Local wind and open-ocean forcing of circulations on the Northwest Atlantic shelves

Previous studies have emphasized the importance of buoyancy forcing, particularly the freshwater flux from major rivers in the region, in maintaining the mean equatorward flow on the Northwest Atlantic shelves from the Greenland coast to Cape Hatteras. The contributions from wind-stress forcing and deep-ocean processes is less studied. In this study, we use a basin-wide two-layer model with realistic topography and wind stress forcing to examine how circulation and its seasonal variability between Cape Hatteras and Baffin Bay shelf respond to local and remote wind-stress forcing and how and where ageostrophic processes facilitate cross-shelf influences from open-ocean processes.

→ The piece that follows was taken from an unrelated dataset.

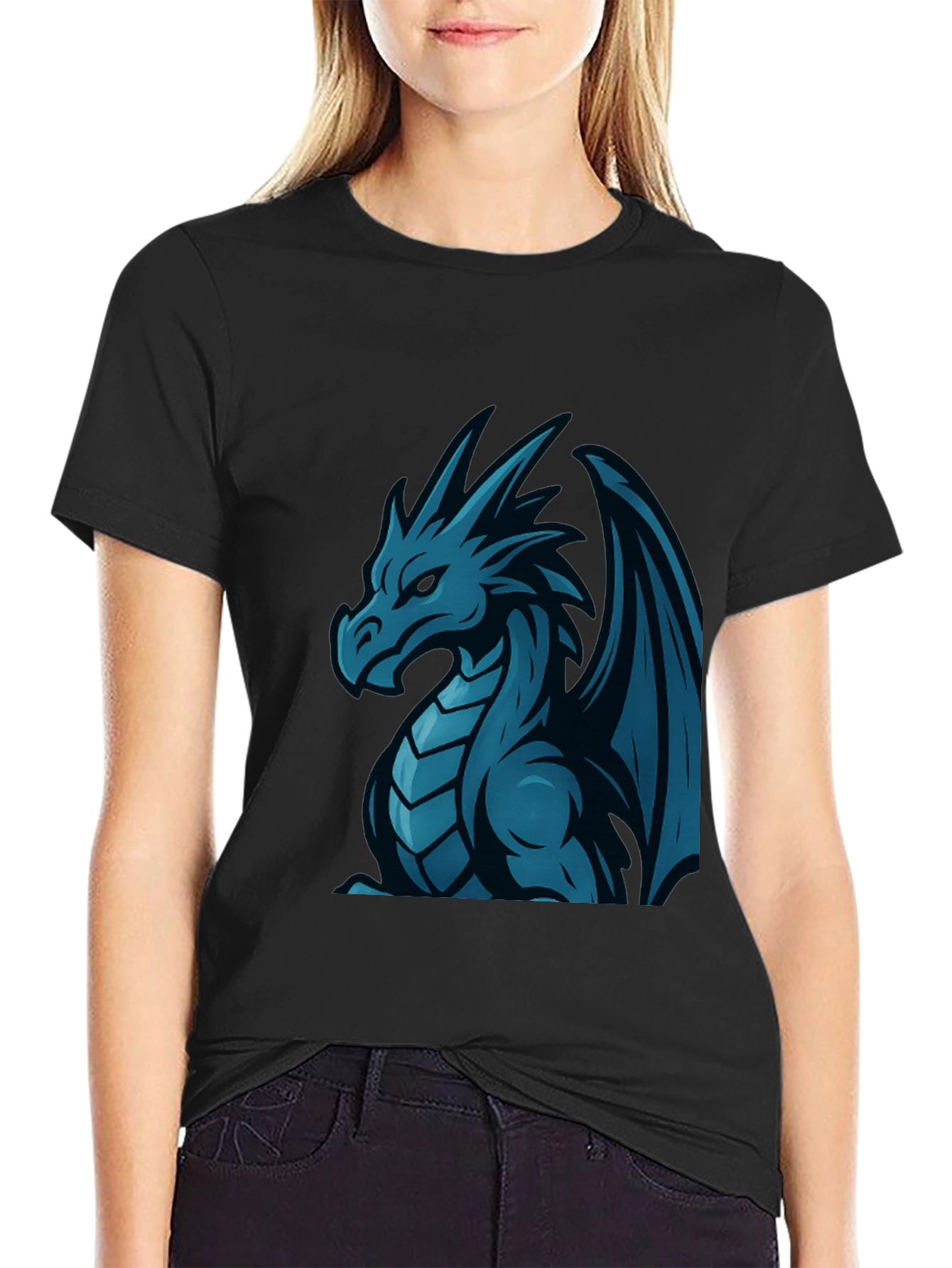 Blue Dragon Graphic Tee - Mens Black T-Shirt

With wind-stress forcing alone the model simulates a mean shelf circulation system that resembles remarkably well with observed and OGCM-simulated features. The along-shelf transport from Baffin Bay to Cape Hatteras is well within the range of previous data-based estimates. In addition, the seasonal variability of the wind-driven transport along the shelf is consistent with what has been described in previous studies. It was found that the wind stress on shelves is the leading forcing mechanism for both the mean transport and its seasonal variability. The wind stress not only affects local transport but also influences circulation downstream in the direction of topographic waves. Our study also indicates that the open-ocean processes play an important secondary role. A regional high-resolution OGCM is used to examine the robustness of mechanisms that are identified in the two-layer model and to examine the how buoyancy forcing may affect such mechanisms/processes.